# Ladder Rack?



## Cole82

So I got a ladder rack installed today on the old ford. It's got a seriouse humm to it. Sounds like it is just the very front bar over the cab. Do all of them do this? Allso I know they put airfoil shap wings on bike racks for cars. Think that would help?

It's damn loud at 70mph.:sad:

Cole


----------



## SLSTech

No not all of them do it - it is cause by the air disturbance being just right

Changing the shape may work or adding a bug deflector might do the trick


----------



## seeyou

Has it got any open tube facing front. I had one that I had to plug the openings on the front to stop the noise.


----------



## Cole82

No there are no open tubes anywhere.
Here is a pic if it helps get an idea of how to fix it.


----------



## Five Star

Keep it under 70mph:thumbsup: problem solved:laughing:


----------



## We Fix Houses

I had the same problem but with a 3/4 ton van with the ones that attach to the gutter. Horrendous noise on the front one at hwy speed. Moved it back about 8" and most of it went away.

Its from the air coming from the w/s that the front of your rack is directly catching. Need to somehow shorten the front bar or add a deflector. 

I'd call the mfg for suggestions. I found info by Googling ladder rack noise - vehicle ladder rack noise ?

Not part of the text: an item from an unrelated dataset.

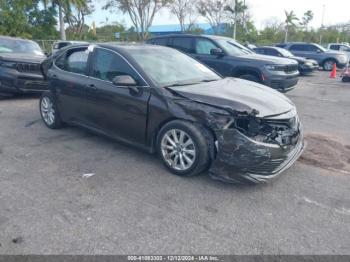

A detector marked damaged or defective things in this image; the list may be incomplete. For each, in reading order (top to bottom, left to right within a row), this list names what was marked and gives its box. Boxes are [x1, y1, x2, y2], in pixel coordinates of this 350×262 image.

damaged black sedan [40, 43, 304, 183]
bent hood [169, 78, 296, 117]
crushed front bumper [209, 127, 304, 184]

Seems like yours is not too adjustable ?

Addl - Here's one from Google pg 4 or 5 as said before http://www.kargomaster.com/item.asp?id=83

http://www.pickupspecialties.com/Ladder_racks/Kargo_master/kargo_master_ladder_rack_accessories.htm

I was thinking along these lines - hose clamps and a shield ?


----------



## Cole82

Yeah have been doing a google blitz and looks like the front bar isn't supose to be round. Needs a wedge shape.

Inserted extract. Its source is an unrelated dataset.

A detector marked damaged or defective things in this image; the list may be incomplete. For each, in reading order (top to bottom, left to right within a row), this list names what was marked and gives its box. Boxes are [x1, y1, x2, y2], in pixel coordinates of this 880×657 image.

Yeah We Fix Houses that is what I found too. It looks like the more expensive racks have that piece allready welded on.


----------



## RadRemod

Cole
Thats the rack I got a few years ago on my 2002 ext cab chevy. Mine also is noisey at 60+ MPH and I believe i lost 1 mpg after installation too. However, I have learned to live with it as it makes hauling 20ft long trim much easier!


----------



## Cole82

HaHa so today I zip tied a piece of rectangle plastic on the front bar. Wouldn't you know it, it fixed it. Now it is barely noticable at 70mph. I'll have to do a more permanent solution but it worked.

Cole


----------



## Renegade 1 LI

Try tacking on a piece of angle iron. If it works you could make it look good.


----------



## Cole82

I adjusted my plastic piece and haveing it flat on the bottum side makes it dead silent. Not a peep out of that rack. 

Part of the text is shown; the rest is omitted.